- Directed by: Sagar Hari
- Written by: Sagar Hari
- Produced by: Ajith Vinayaka
- Starring: Indrans Murali Gopy
- Cinematography: Abhilash Shankar
- Edited by: Ajeesh Anand
- Music by: Arun Muraleedharan
- Production company: Ajith Vinayaka Films
- Distributed by: Ajith Vinayaka Release
- Release date: 5 July 2024;
- Running time: 125 minutes
- Country: India
- Language: Malayalam

= Kanakarajyam =

2024 Indian film

Kanakarajyam is a 2024 Indian Malayalam-language family-drama film written and directed by Sagar Hari. It stars Indrans, Murali Gopy and Leona Lishoy.
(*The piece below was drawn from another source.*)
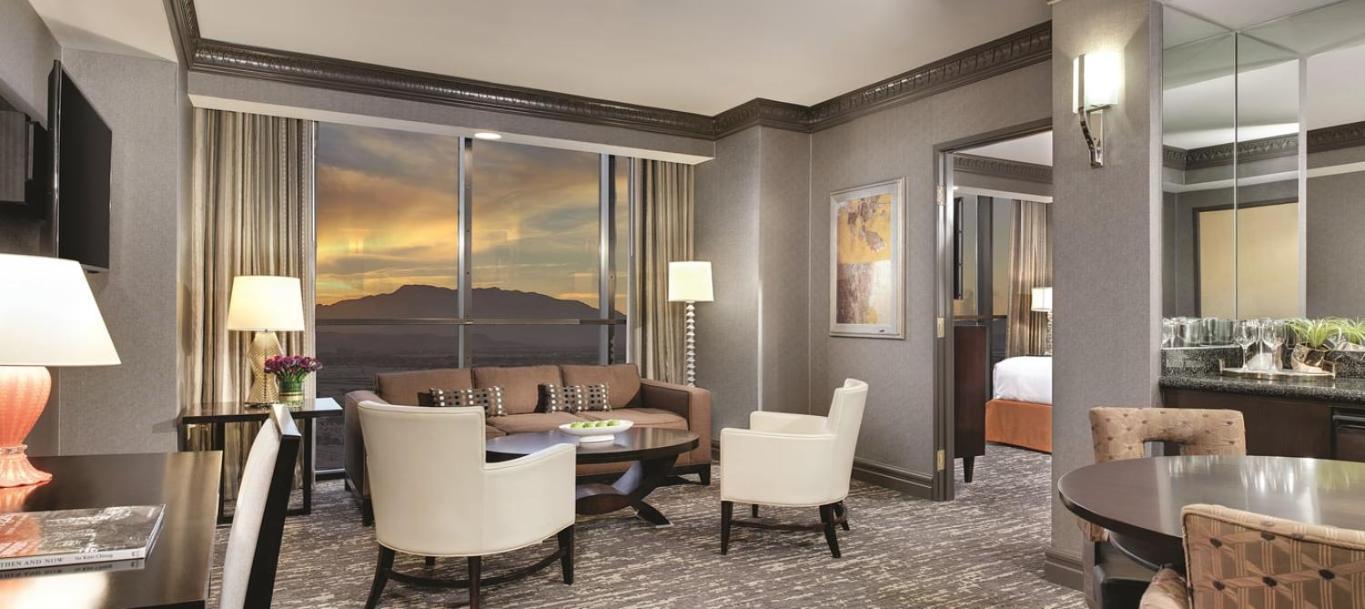 Luxor Hotel & Casino By Suiteness Las Vegas Camera foto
It was produced by Wichu Ajith Vinayaka under the banner of Ajith Vinayaka Films Pvt Ltd and the music was composed by Arun Muraleedharan. It was released on 5 July 2024.

==Plot==
Ramanandhan, a former Indian military soldier, works as a security guard at a jewelry store. He is about to be celebrated by his recruitment agency for his dedication to his job. Venu is in debt and is forced to pay for his sister-in-law's engagement. The two men's lives become intertwined when they get into an issue. The film explores the complexities of their relationship, including their pride and complexes.

==Cast==
- Indrans as Ramanandhan
- Murali Gopy as Venu
- Leona Lishoy as Venu's wife
- Rajesh Sharma ad Thothiyannan
- Dinesh Prabhakar as Circle Inspector
- Athira Patel as Ramanadhan's daughter

==Music==
Arun Muraleedharan composed the music.and B.K.Harinarayanan,Manu Manjith,Dhanya Suresh Menon and Rahul R. Sarma wrote the lyrics.